Во всем должен быть простор
Адриан читает Ролана Барта
Летним вечером Адриан сидит в вагоне-ресторане поезда, направляющегося в Братиславу. Там он выступит с лекцией-перформансом на театральном фестивале. За окном проносятся покрытые зеленью поля и луга. Адриан читает «Фрагменты речи влюбленного» Ролана Барта и что-то воодушевленно отмечает в записной книжке. «Фрагменты» состоят из множества небольших отрывков, не связанных между собой и расположенных в алфавитном порядке. Адриан позволяет заголовкам увлечь себя и читает то, что кажется наиболее интересным: «Покажите мне, кого желать», «Изобилие», «Похвала слезам». Под заголовком «Когда мой палец невзначай…» он видит следующие слова:
Палец Вертера невзначай дотрагивается до пальца Шарлотты, их ноги соприкасаются под столом. Вертер мог бы отвлечься от смысла этих случайностей; он мог бы телесно сосредоточиться на крошечных зонах касания и наслаждаться вот этим безучастным кусочком пальца или ноги на манер фетишиста, не заботясь об ответе (как и Бог – такова его этимология – Фетиш не отвечает). Но в том-то и дело, что Вертер не перверсивен, он влюблен: он создает смысл – всегда, повсюду, из ничего, – и именно смысл заставляет его вздрагивать; он находится на пылающем костре смысла. Для влюбленного любое прикосновение ставит вопрос об ответе; от кожи требуется ответить.[3]3
Барт Р. Фрагменты речи влюбленного / Пер. с фр. В. Е. Лапицкого. М.: Ad Marginem, 2002. C. 297.
[Закрыть]
В тексте всегда сказано ровно столько, сколько необходимо, чтобы Адриан без труда сумел уловить фигуру мысли, ровно столько, сколько требуется, чтобы его охватило определенное чувство. Текст как бы состоит из витающих в воздухе наблюдений, каждое из которых представляет собой новое начало. Они напоминают незаконченные карандашные наброски. Адриану это очень нравится, потому что во всем, с его точки зрения, должен быть простор, так как любой мысли требуется пространство, чтобы развернуться. Ничто не должно быть закрытым или неподвижным, поскольку все самое важное в тексте происходит между словами, между предложениями, там, где есть зазор. Так что-то может проскользнуть внутрь или вырваться наружу. Поэтому небольшие бартовские пассажи удивительны: они не занимают собой все пространство. Однако, даже читая Барта, Адриану иногда хочется воскликнуть: «Стоп! Довольно!» Это происходит потому, что он уже собрал достаточно элементов мозаики. Прежде чем Адриан успевает дочитать очередной короткий фрагмент, его голову уже начинают переполнять собственные мысли. Его постоянно посещают идеи, которые до знакомства с Бартом не приходили ему на ум. За окном мелькает летний пейзаж. Адриан заказывает вторую чашку кофе и кусок грушевого пирога. Затем приступает к чтению следующего отрывка. В нем говорится о том, что означают слова «Я люблю тебя»:
Это слово (словофраза) имеет значение лишь в момент, когда я его произношу; в нем нет никакой другой информации, кроме непосредственно говоримого; никакого запаса, никакого склада смыслов. Все в брошенном; это формула, но формула, не соответствующая никакому ритуалу; ситуации, в которых я говорю я-люблю-тебя, не могут быть классифицированы; я-люблю-тебя непредвидимо и неустранимо.[4]4
Барт Р. Фрагменты речи влюбленного / Пер. с фр. В. Е. Лапицкого. М.: Ad Marginem, 2002. С. 411–412.
[Закрыть]
Адриан пишет: «Я ЛЮБЛЮ ТЕБЯ → Возможно, речь о том, как не сказать это: уже вроде бы начать произносить „Я люблю тебя“ и замолчать; открыть рот, вдохнуть, выдохнуть и так ничего и не сказать».

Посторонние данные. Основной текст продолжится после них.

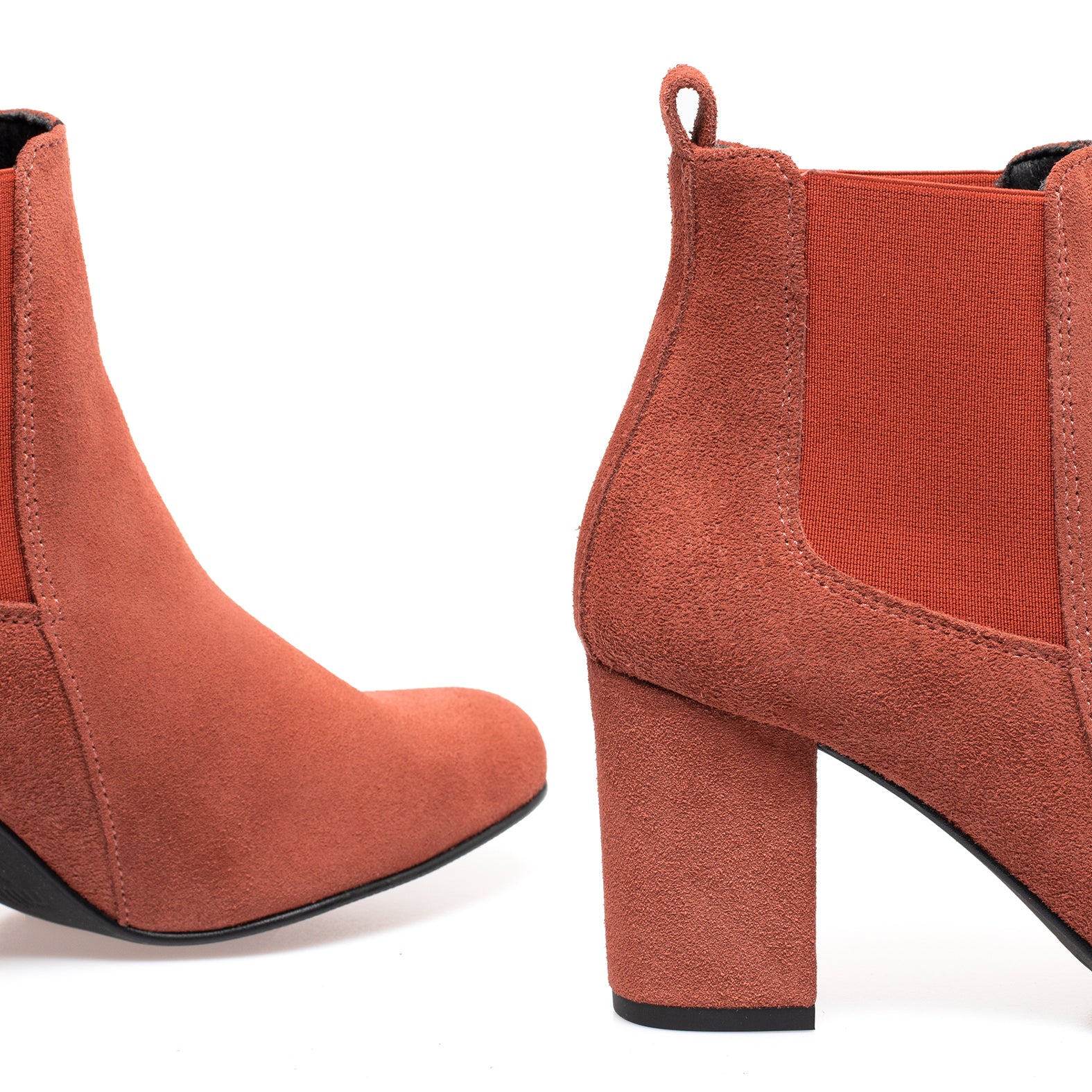 URBAN BOOTIE - CAMEL elastic high heel ankle boot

Адриан проводит рукой по бороде, смотрит в окно и пишет следующее: «Что я знаю о своей любви? Ровным счетом ничего, и в этом вся прелесть! О незнании я могу говорить. Что мне не известно, я могу сказать. О том, что мне известно, я, скорее всего, сказать не смогу».
Затем добавляет: «→ Жиль Делёз».
Делёз говорит, что ни одно предложение не способно передать собственный смысл. Смысл одного предложения можно выразить посредством другого предложения, смысл которого, в свою очередь, может быть выведен из третьего. Эта постоянно спотыкающаяся сама о себя фигура мысли нравится Адриану. Он продолжает писать: «Смысл того, что говорю, я мог бы гипотетически выразить другим предложением, но осознанно так не делаю. Именно по этой причине возможен диалог, поскольку смысл не передается и как бы витает в воздухе. Вероятно, сказать „Я люблю тебя“ так тяжело потому, что смысл этой фразы почти неосязаем».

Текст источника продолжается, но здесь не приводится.